The book was co-written with David Stafford, who also co-wrote Train to Hell with Sayle and How to be a Genius with the cartoonist duo Biff. All very funny books, but if he's done any humour-writing on his own, I've never been able to find it. Someone did once mention to me that he'd done a column called "Staffordshire Bull" (or similar) and that it was excellent, but it has eluded me so far.

[The icon is an Expired Foodstuffs Sprite. I think I found it via Disturbing Auctions.]

5th March 2009

4:36pm: I'm baking banana bread
Using a Riverford recipe, and bananas from my last Riverford box. It's my first attempt at banana bread and I have no idea what it will taste, look or feel like, but it's making the flat smell so good.

[This icon is my "happy domesticity" icon. The cat is French, apparently.]

3rd March 2009

5:23pm: The LRB personals return to form
They have been dull recently, which I'm inclined to attribute to the publication of the book, which I assume brought the section to the attention of people who mistakenly thought it was for trying to attract a mate, rather than for making people laugh. However, judging by the issue I've just read these people have now drifted away, and in a compact two columns we have:
Dear LRB, I have no money. Please run my advert for free. I want a woman who is 38. Let her know I'm really clever and good-looking. Thanks.

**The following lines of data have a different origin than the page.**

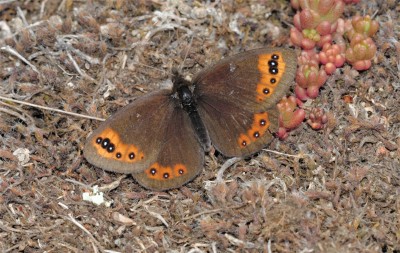 de Prunner's Ringlet (Erebia triaria)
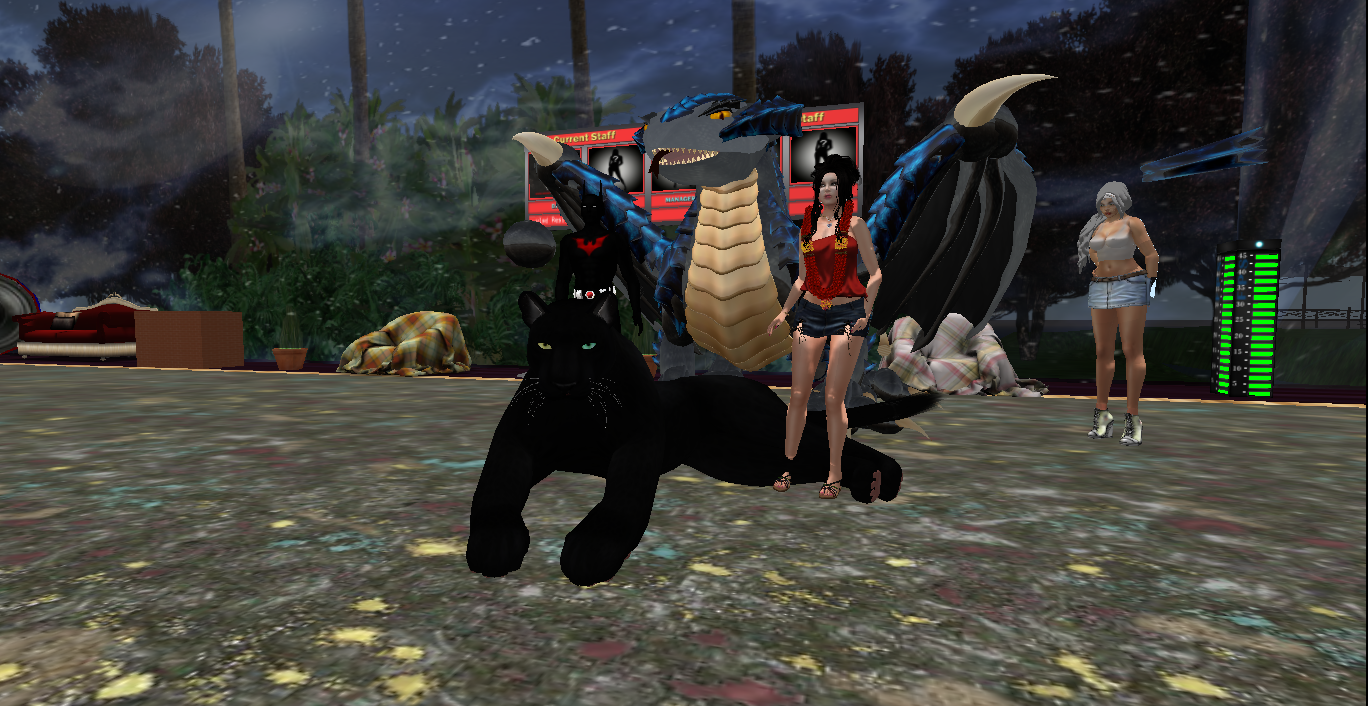 Original 58b2c776f8a1ec2605000001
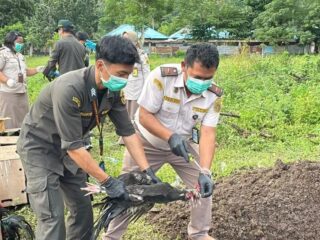 Berstatus zona merah wabah flu burung, ratusan ekor ayam dari Filipina dimusnahkan di Manado
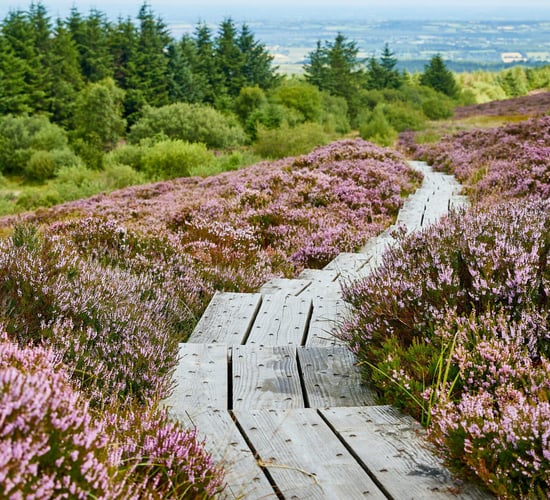New €17m tourism project for former peat-dependent areas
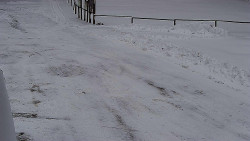 Nástup na běžecké tratě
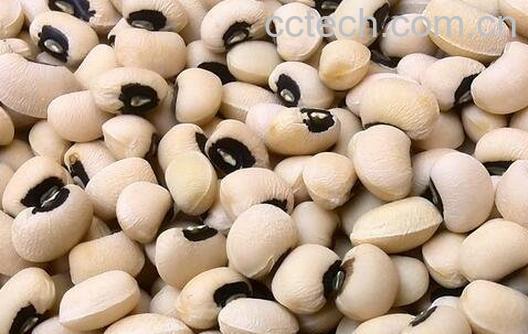 眉豆的功效与作用-0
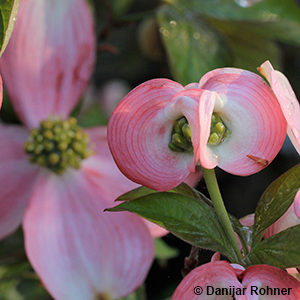 Cornus florida'Cherokee Chief'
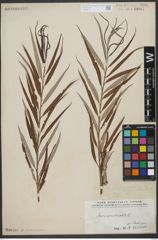 Foto von Salix viminalis L.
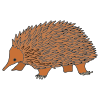 Spiny Anteaters Picture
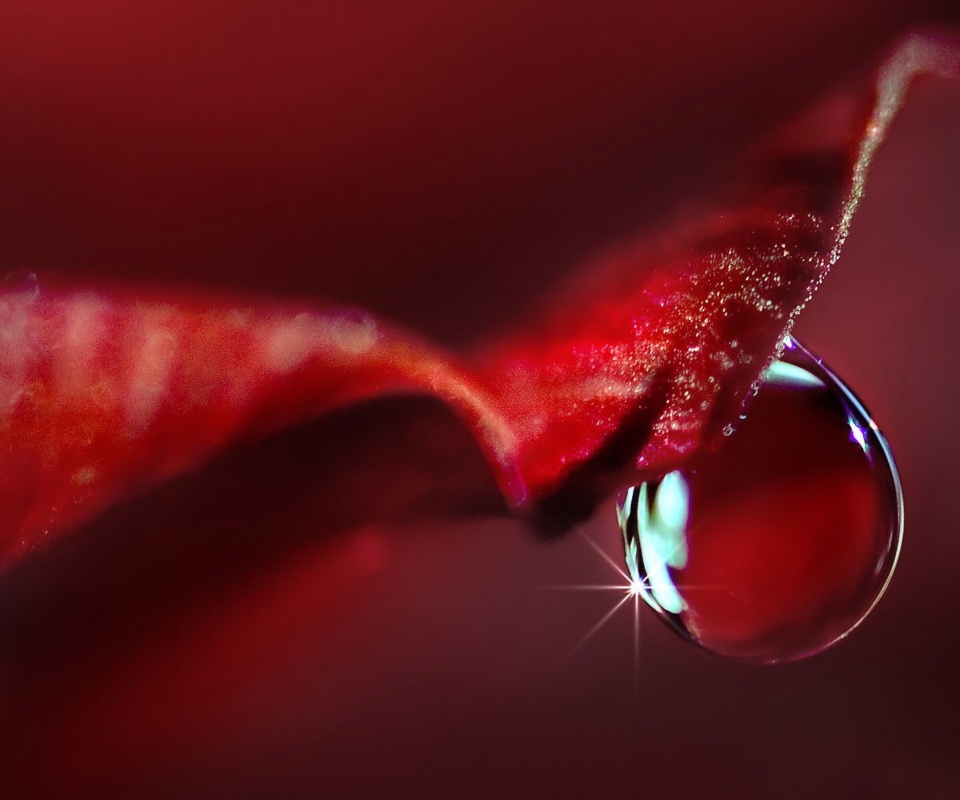 Макро капля на лепестке обои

Everyone. My life is a mind-numbing cesspit of despair and self-loathing. Just fuck off. Or else write back and we'll make love. Gentleman, 37.

I make my own sexual lubricant. The secret ingredient is Bovril. Man, 56. Congleton.

I put the phrase 'five-header bisexual orgy' in this ad to increase my Google hits. Really I'm looking for someone who likes hearty soups and jigsaws of kittens. Woman, 62. Bury.

All of these ads and the events they describe bear a striking resemblance to me and my life. Select the bits you like, then reply to M (or F) at box no. x.
For this issue, the bottle of whisky is apparently being awarded to "the sender of the most normal advert". The winner was not one of those above.